A new provision in Republicans’ 97-page bill rolled out Monday evening allows for exceptions to the program’s work requirements for some able-bodied adults including certain married parents, without making the same considerations for single parents.
The general work requirements for SNAP benefits include registering for work, participating in SNAP Employment and Training (E&T), taking a suitable job if offered, and not voluntarily quitting or reducing work hours below 30 a week without a good reason, according to the USDA Food and Nutritional Service.
Republicans’ new bill includes a work requirement exception for an individual “responsible for a dependent child 7 years of age or older and is married to, and resides with, an individual who is in compliance” with the work requirements, but contains no equivalent exception for single parents.
In 2022, children in single-parent families made up a 53 percent majority of SNAP recipients, according to a report from the Institute for Family Studies.
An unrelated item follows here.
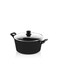 USA Casserole with Lid 24cm - Cast&acirc;&euro;&lsquo;Aluminium Non&acirc;&euro;&lsquo;Stick Cookware &acirc;&euro;&ldquo; Lightweight for Effortless Cooking, Scratch&acirc;&euro;&lsquo;Resistant QuanTanium Coating for Healthy Cooking, Oven Safe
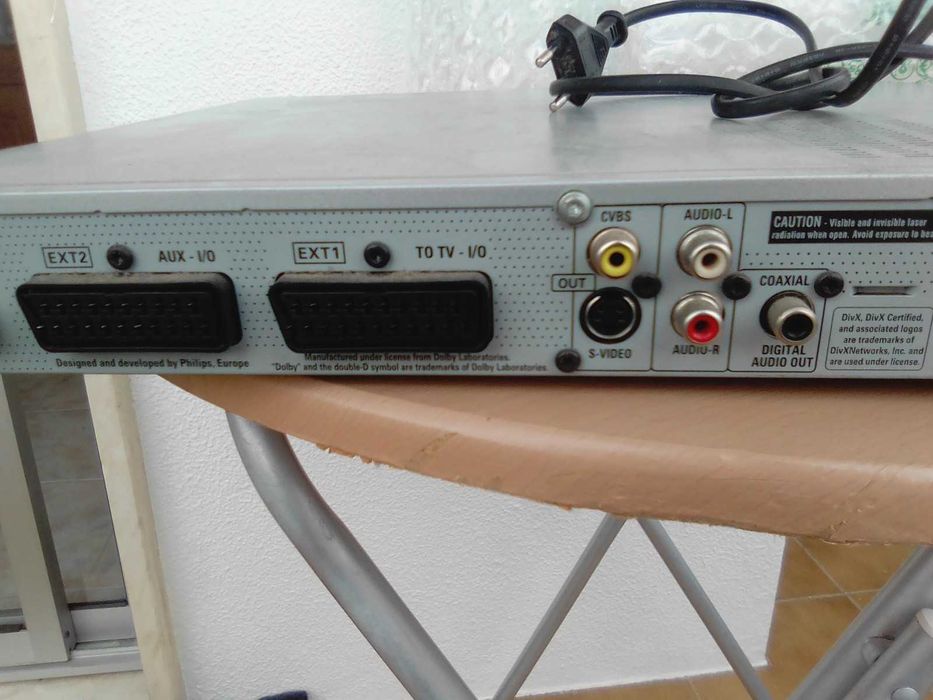 DVD Recorder Philips / com problema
A whopping 49 percent of those children are living with their mothers, four percent reside with their fathers, and six percent reside with relatives or foster parents.
On top of that, E&T requirements have created something of a Catch-22 within the SNAP benefits program. Congress’s 2018 farm bill, which permitted paid training to be a component in E&T, inadvertently resulted in significant reduction or total loss of food assistance for beneficiaries because the earnings they made ended up counting against their eligibility.
The new legislation would tighten eligibility requirements for SNAP and place a greater financial burden on states instead of the federal government, which is looking to shed millions of dollars in spending as part of the Trump administration’s cost-cutting efforts. Republicans on the House Agriculture Committee have been directed to find $230 billion in potential cuts.